Wonderful pic. You can’t beat capturing a time when elegance and personal style were not uncommon. One can only hope that as he ages to be as well put together and crisp as this gentleman. Love the collar pin and tie clip.
if i hadn’t realized the importance of looking sharp in the face of casual fridays, this post would start me thinking about how these guys have taken such pride in their appearance for such a long time. i venture that sunday’s are not the only days this guy looks so put together.
Curley was one of the elevator operators in the 1980s at my high school in Brooklyn (it was 13 stories tall!). He was always super nice. Amazing to see him here! He had to wear a uniform when he was at my school, but here he looks really dapper.
I’ve never commented on one of your photos before, but this one particularly struck me. This man exudes so much confidence and pride in himself that it just spills out of my computer screen. Simply fantastic.
You are often in Harlem on Sundays–are you going to church or are you going to a gospel brunch or just plain brunch somewhere? Or shopping or what? And how do you travel so much & stay sane? Your wife must be a really nice, really cool lady.
Whatever you do there on Sundays, I love it. Go to Abyssinian some Sunday and get some shots of the folks; you’ll be in sartorial heaven!
What I particularly love about both of the Harlem portraits is the personality of the subjects, which is so apparent in their dress and demeanor. At a time when so many choose to be sloppy, and at an age where they could get away with wearing whatever they want, they’ve both chosen to look sharp because they’re proud of who they are and the lives they’ve led. There are whole worlds within these photographs. Thanks for sharing them with us, Sart.
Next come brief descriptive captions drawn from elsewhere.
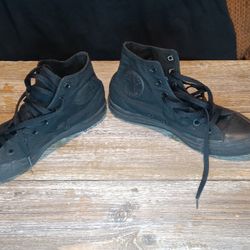 Black Converse Size 6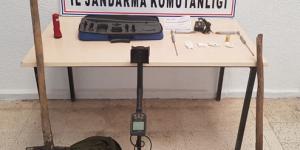 Hatay’da kaçak kazı yapan 4 kişi yakalandı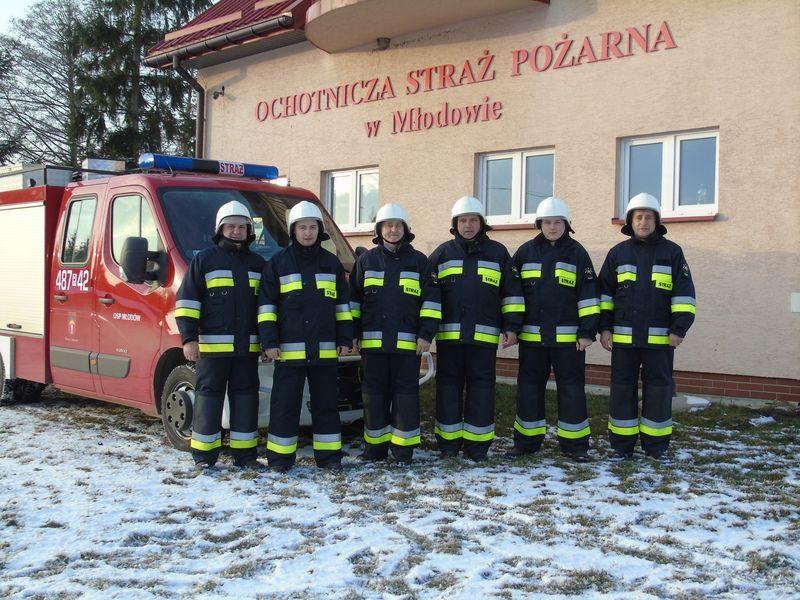 Strażacy ochotnicy z nowym sprzętem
This gentleman isn’t an usher, but a deacon. He is charged, as a deacon, to wear a black suit, white shirt, black tie, on 1st and 3rd Sundays. You can best-well believe that this young man wouldn’t be seen in anything less on the respective Sundays. He reminds me very much of the deacons in the church that I grew up in. Many African-Americans escaped the Jim Crow South in the 40′s, 50′s, and 60′s, and their wonderful style infiltrated places like Harlem, Detroit, Chicago, Philly, etc.
I’m sure that this youngster was no different. The church gave these men a sense of belonging and something to represent. It beams through their confidence and the way they don their duds.
I want to applaud this blog’s diversity. You never fail to impress me with your eye for not only fashion, but the confidence and swagger that it takes to be a true man of style.
As a resident of Harlem, it’s nice to see some of the locals on your blog. I opted to live here, rather than SoHo, Billyburg, or the LES, because it’s beyond stylish and not at all obvious. Cheers and Props to you and the stylish residents of Harlem.